● ACTIVITY
Copy every entry below exactly as it appears, leaving out the images.

((

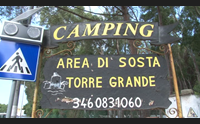 oristano riapre l area camper di torre grande weekend al completo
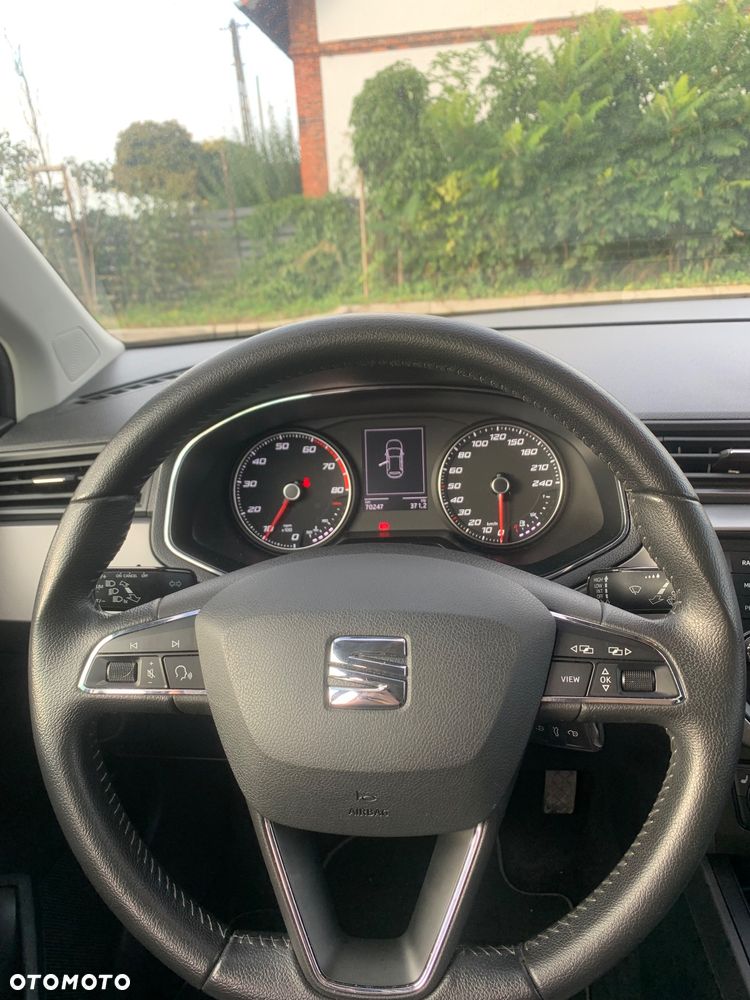 Seat Ibiza 1.0 MPI S&S Black Edition - 13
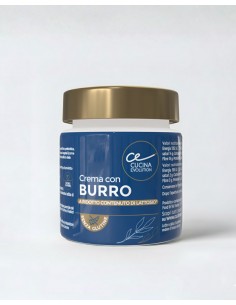 Crema con Burro Evolution...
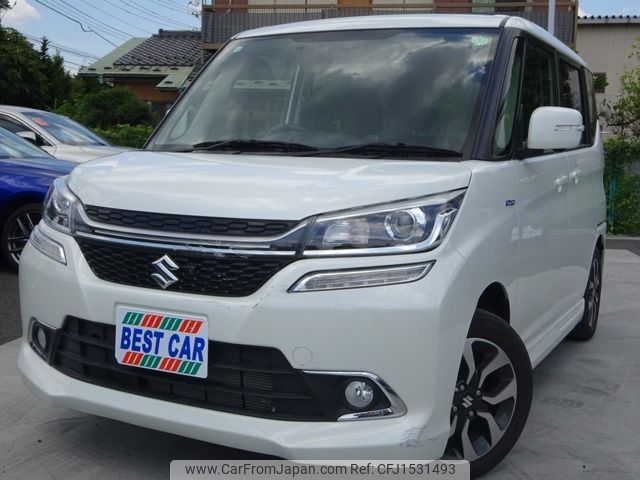 suzuki solio 2016 CFJ1531493 image 1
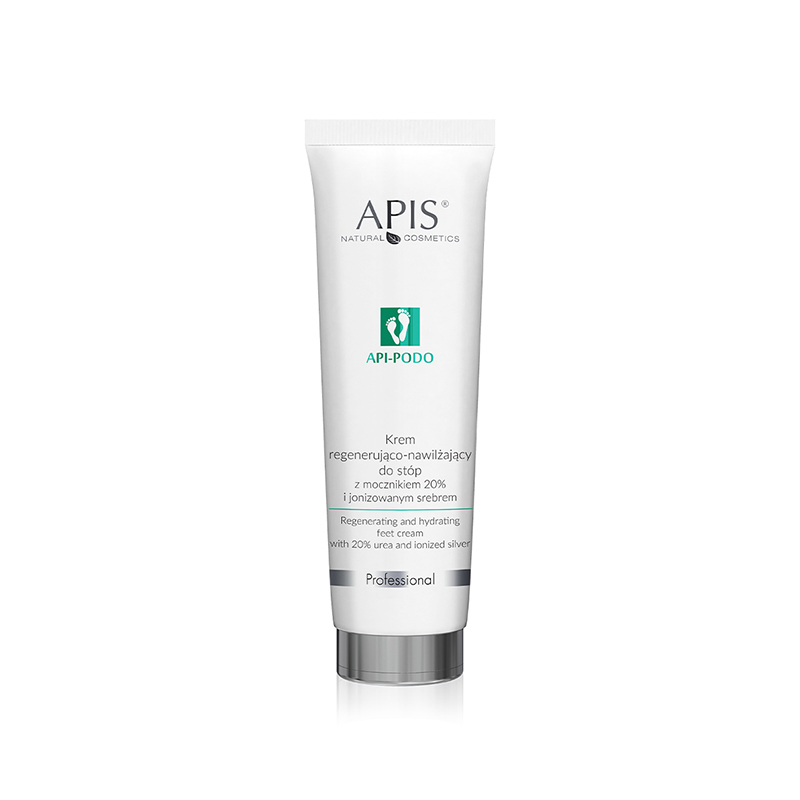 APIS Api-Podo Regenerating and Moisturizing Foot Cream 100 мл ,1,LilaCare Bulgaria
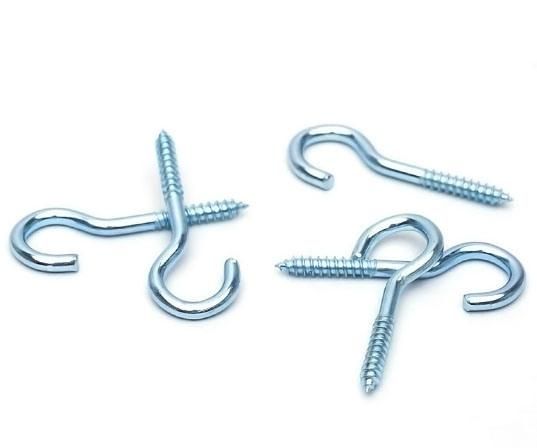 Galvanized Hook Screw Hook Bolt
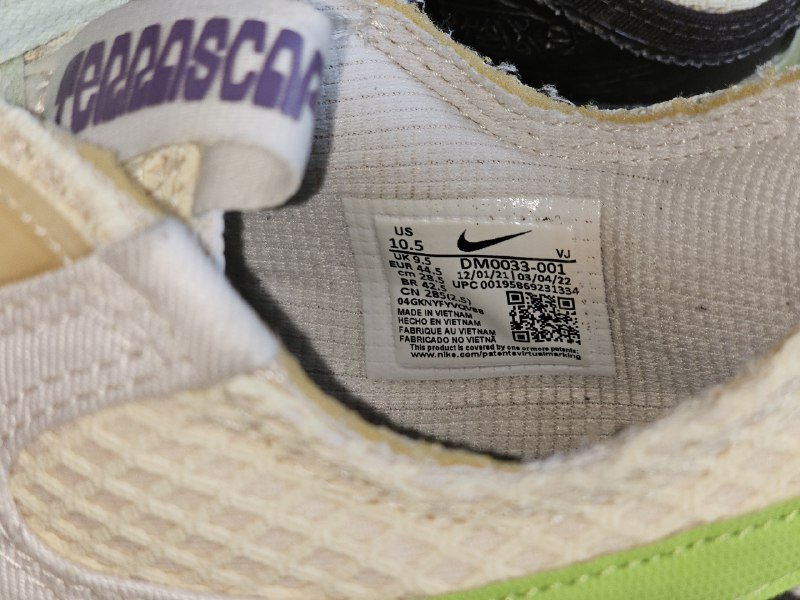 Кроссовки Nike Air Max 90 Terrascape Phantom Vivid Green 5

))

● EXERCISE OUTPUT
 oristano riapre l area camper di torre grande weekend al completo
 Seat Ibiza 1.0 MPI S&S Black Edition - 13
 Crema con Burro Evolution...
 suzuki solio 2016 CFJ1531493 image 1
 APIS Api-Podo Regenerating and Moisturizing Foot Cream 100 мл ,1,LilaCare Bulgaria
 Galvanized Hook Screw Hook Bolt
 Кроссовки Nike Air Max 90 Terrascape Phantom Vivid Green 5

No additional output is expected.